Jorge Mendes vertritt Fußball-Größen wie Ronaldo, Pepe oder Mourinho - sie alle nutzten die in Spanien umstrittenen Steuersparmodelle. Wird ihnen die "Mendes-Methode" zum Verhängnis?

Von Javier Cáceres, Barcelona

Ricardo Carvalho ist auch nicht mehr der Jüngste, die einstige Weltklasse-Defensivkraft ist nun schon 38 Jahre alt.

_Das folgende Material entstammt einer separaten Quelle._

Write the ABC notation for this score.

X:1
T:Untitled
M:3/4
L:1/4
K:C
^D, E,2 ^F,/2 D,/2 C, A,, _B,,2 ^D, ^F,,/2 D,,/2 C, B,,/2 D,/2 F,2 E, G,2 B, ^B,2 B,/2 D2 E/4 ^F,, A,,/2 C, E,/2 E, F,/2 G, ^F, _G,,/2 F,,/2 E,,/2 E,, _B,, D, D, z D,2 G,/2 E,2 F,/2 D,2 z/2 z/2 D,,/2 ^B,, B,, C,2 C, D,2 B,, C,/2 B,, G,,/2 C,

Doch für Verteidigungssprints auf höchstem Niveau reicht es noch.

Am vergangenen Donnerstag rauschte der zurzeit vereinslose Europameister ins Gerichtsgebäude an der Plaza de Castilla in Madrid; es liegt nur einen Kilometer von seinem ehemaligen Arbeitsplatz entfernt, dem Bernabéu-Stadion von Real Madrid. Carvalho bat darum, von einem Richter gehört zu werden. Es gebe eine Sache, die er gern bereinigen wolle, sagte er sinngemäß. Denn ihm dräue, dass er möglicherweise Steuern hinterzogen haben könnte. So einfach liege die Sache nicht, habe der Richter geantwortet, allein deshalb, weil man so ganz ohne Akten nur schwerlich berechnen könne, wie viel Geld er denn wirklich schulden könnte. Doch Carvalho, ein Verteidiger von rustikaler Natur, hatte es eiliger als einst auf dem Rasen, einen Befreiungsschlag zu tätigen.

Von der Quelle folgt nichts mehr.